Swimming against the tide: why Citizen Advocacy will not gain wide acceptance

Mitchel Peters

Published in Inroads, the newsletter of Citizen Advocacy Eastern Suburbs, Issue 1 (October - December, 1995)  


This is one of a series of articles by Mitchel Peters.

These are located on the Citizen Advocacy Network website,

in the section on articles and policy documents.


 

One sure way of avoiding disillusionment is not to harbour illusions in the first place. People who have limited contact with, or who possess a superficial knowledge of, Citizen Advocacy quite often have a distorted sense of perspective about the scale of its impact, overestimating the number of people in need which Citizen Advocacy is able to help. Unrealistic expectations about the magnitude of Citizen Advocacy's capacity will, eventually but invariably, lead to disillusionment.

Not that there is anything illusory about the potential for Citizen Advocacy to make a significant, positive difference in the lives of people who have been recruited as proteges of the programme. However, in terms of its numerical scope, Citizen Advocacy will never be able to find committed citizens for all people with disabilities who need advocates. Nor will the continued presence of Citizen Advocacy result in the cataclysmic transformation of the human service landscape, ushering in more responsive, accountable services on a gargantuan scale.

Realistically, Citizen Advocacy will remain an effective, but nonetheless quantitatively limited response to the

needs of people with disabilities, because it is unlikely to gain wide acceptance in our society. By acceptance, I mean not only passive approval of the concept, but also active involvement in a citizen advocacy programme -- as advocates, board members, and so on. However, Citizen Advocacy's "failure" to attract universal appeal must be understood in the context of the attitudinal trends of our society. The observations below offer some explanation as to why, in its philosophy and practice, Citizen Advocacy will continue to swim against the tide of dominant values in our culture.

1. Whereas our society is becoming increasingly selfish, Citizen Advocacy asks people to consider the interests of others.

It can be cogently argued that our society increasingly condones -- indeed exalts -- the selfish pursuits of individual interests to the detriment of others' well-being. The I'm-all-right-Jack social Darwinism which permeates our society necessarily means that people in need are likely to be overlooked or dismissed as encumbrances

to the attainment of the culturally legitimised, self-promoting goals of many individuals. In such a self-centred social environment, Citizen Advocacy stands in contradiction by appealing to people to be "others-centred."
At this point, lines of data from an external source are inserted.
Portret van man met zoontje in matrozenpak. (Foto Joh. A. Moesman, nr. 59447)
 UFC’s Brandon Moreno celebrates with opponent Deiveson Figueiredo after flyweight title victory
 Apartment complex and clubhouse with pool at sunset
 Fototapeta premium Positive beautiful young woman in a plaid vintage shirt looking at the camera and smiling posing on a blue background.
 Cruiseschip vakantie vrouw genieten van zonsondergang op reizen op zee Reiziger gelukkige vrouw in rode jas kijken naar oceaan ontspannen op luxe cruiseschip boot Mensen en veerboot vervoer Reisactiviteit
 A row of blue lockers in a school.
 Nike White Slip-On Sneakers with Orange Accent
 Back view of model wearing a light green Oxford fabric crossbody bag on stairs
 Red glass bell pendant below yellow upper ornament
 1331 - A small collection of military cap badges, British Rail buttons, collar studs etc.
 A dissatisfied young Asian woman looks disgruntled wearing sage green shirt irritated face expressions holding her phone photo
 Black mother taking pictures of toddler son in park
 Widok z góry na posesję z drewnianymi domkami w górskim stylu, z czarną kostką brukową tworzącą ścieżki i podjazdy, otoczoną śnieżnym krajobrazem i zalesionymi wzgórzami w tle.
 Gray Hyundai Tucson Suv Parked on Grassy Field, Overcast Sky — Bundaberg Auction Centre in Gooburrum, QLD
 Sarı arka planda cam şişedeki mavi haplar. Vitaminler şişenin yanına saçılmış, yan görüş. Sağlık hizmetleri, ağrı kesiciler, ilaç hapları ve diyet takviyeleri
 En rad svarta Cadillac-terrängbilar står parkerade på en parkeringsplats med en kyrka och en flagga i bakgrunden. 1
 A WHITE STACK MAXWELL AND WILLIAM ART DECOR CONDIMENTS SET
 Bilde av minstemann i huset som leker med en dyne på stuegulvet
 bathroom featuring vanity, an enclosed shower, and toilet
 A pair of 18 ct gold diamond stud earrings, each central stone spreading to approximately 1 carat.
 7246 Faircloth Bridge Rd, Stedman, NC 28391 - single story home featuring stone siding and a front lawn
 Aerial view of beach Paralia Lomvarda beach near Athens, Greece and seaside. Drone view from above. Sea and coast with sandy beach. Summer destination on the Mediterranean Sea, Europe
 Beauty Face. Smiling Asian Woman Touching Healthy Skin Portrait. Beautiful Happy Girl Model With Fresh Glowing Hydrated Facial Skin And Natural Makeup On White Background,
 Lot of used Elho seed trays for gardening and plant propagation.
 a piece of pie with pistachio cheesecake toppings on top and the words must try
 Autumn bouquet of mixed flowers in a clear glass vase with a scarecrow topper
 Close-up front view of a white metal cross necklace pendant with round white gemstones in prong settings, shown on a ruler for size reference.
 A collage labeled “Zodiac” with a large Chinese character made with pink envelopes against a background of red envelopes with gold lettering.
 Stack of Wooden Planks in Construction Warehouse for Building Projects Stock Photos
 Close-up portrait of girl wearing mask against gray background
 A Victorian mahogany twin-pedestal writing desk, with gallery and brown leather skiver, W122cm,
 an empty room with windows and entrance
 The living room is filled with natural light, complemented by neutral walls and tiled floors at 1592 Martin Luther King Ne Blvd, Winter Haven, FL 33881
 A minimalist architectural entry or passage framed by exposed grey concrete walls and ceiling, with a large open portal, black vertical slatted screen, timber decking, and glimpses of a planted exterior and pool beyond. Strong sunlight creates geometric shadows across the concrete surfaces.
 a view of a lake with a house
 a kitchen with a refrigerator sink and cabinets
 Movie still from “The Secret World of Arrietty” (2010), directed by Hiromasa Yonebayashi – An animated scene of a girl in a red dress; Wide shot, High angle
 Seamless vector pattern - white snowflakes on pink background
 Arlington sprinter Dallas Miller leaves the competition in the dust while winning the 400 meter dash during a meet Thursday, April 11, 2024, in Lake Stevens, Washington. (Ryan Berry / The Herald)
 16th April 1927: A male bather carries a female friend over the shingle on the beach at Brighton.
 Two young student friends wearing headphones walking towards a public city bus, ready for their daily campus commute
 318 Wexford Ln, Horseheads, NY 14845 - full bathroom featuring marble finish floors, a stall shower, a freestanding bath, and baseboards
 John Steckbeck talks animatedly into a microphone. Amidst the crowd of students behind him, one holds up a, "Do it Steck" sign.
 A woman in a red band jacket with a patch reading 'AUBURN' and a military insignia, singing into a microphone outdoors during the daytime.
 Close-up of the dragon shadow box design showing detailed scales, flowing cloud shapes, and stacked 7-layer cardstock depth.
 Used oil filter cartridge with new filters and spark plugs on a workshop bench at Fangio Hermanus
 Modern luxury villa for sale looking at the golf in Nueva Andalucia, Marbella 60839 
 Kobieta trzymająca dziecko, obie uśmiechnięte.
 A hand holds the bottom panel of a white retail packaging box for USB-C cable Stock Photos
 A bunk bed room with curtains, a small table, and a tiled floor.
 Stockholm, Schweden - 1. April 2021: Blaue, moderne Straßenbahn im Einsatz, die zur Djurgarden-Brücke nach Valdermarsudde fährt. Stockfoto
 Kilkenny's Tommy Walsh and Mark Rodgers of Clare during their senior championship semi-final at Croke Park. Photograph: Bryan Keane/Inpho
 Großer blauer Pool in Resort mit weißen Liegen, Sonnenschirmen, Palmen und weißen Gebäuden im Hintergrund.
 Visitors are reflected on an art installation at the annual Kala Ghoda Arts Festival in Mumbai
2. Whereas our society does not value people with disabilities, Citizen Advocacy asks people to ally themselves with individuals with disabilities.

Our society places high value on such characteristics as wealth, health, physical beauty, youthfulness, intellectual ability, independence, and productivity. As a corollary, people who possess such socially desirable characteristics are valued. In contrast, those who personify the opposite of the qualities which society values, become devalued. Clearly, individuals with disabilities, constitute one of a number of groups in society who are not valued. The very fact that people with disabilities are devalued -- that is, they are perceived to be of low value or worth -- means that there is likely to be relatively few citizens who will come forward and act as their allies. The ideological currents thus militate against the success of the citizen advocacy office in recruiting vast numbers of advocates for people with disabilities. (However, this reality must not serve as an excuse for citizen advocacy programmes to become lazy in their search for advocates. Citizen advocacy programmes must cling to the faith that people will be prepared to assume roles as advocates if asked to do so, even if the response is not apt to be great in number.)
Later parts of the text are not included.